The Family Research Council has more examples of his contribution to upholding American and western values. In one such case, he expressed the view that abortion was less damaging to a woman than having children:
     In sum, it is grossly misleading to tell a woman that abortion imposes possible detrimental psychological effects when the risks are negligible in most cases, when the evidence shows that she is more likely to experience feelings of relief and happiness, and when child-birth and child-rearing or adoption may pose concomitant (if not greater) risks or adverse psychological effects ...
In another, co-authored brief, he argued that it was an unconstitutional burden on 14-year old girls seeking an abortion for their parents to be notified -- because there was no difference between adults and mid-teens in their ability to grasp all the implications of such a decision:
     There is no question that the right to secure an abortion is fundamental. By any objective standard, therefore, the decision to abort is one that a reasonable person, including a reasonable adolescent, could make. [E]mpirical studies have found few differences between minors aged 14-18 and adults in their understanding of information and their ability to think of options and consequences when asked to consider treatment-related decisions. These unvarying and highly significant findings indicate that with respect to the capacity to understand and reason logically, there is no qualitative or quantitative difference between minors in mid-adolescence, i.e., about 14-15 years of age, and adults."
Let’s dispense with the idea of demonizing David Ogden. We don’t know him. But we do recognize confused and distorted thinking when we read it. It is intellectualism disengaged from the soul.
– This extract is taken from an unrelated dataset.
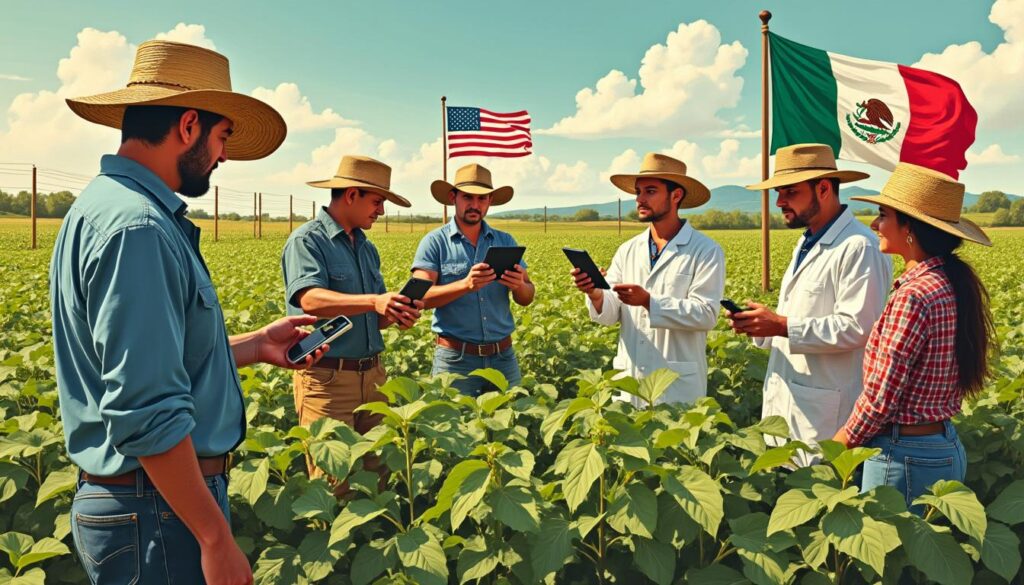 descubre cómo estados unidos y méxico colaboran para luchar contra el gusano barrenador, un desafío agrícola que afecta a ambos países. conoce las estrategias y los esfuerzos conjuntos para proteger los cultivos y garantizar la seguridad alimentaria.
To assert that “evidence shows the [the woman who has an abortion] is more likely to experience feelings of relief and happiness” than adverse psychological effects” is sheer moral idiocy. It is the words of someone who wishes it were so, but has not spent five minutes speaking with a real woman who has undergone a real abortion. If he were to take the time to do so, he might find 100 different words women use to describe the after-effects of an abortion, but “happiness” would not be one of them.
To further assert that “unvarying and highly significant findings’ indicate there is no qualitative or quantitative difference between the judgment of 14-15 year olds, and adults, is lunacy at an incomprehensible level. It brings to mind Orwell’s observation that some ideas are so stupid only an intellectual would believe them. Again, we don’t know David Ogden, but somehow we doubt he’s had any 14-15 year old children of his own—or if he has, we wouldn’t be surprised if either (a) he doesn’t believe his own words and does in fact exercise parental supervision over them, or (b) his children are well on their way to lives characterized by insubordination and lack of discipline, leading to adult lives of persistent discontent and unhappiness.
The capper is of course Ogden’s advocacy against a child pornography law that required publishers to verify and document the age of their models, which would have ensured these models were at least 18. Sorry, Mr. Ogden, but there is no argument against this law.
So what does all this mean in the context of Brushfires of Freedom? The answer is that truth and freedom—meaning the truth of God and God’s creation, and the idea of individual freedom and responsibility under God--always go hand-in-hand. The intellectual’s rationalized truth in place of divine Truth leads to confusion and darkness; just as freedom without truth leads to complete anarchy.
Americans must resist this corruption of the U.S. Department of Justice. Call on
your elected representatives
to call for the removal of Ogden. This is not a low-level, ‘what difference does it make’, shrug it off appointment. This is moral idiocy-level thinking near the highest levels of the American Department of Justice. It is a disgrace.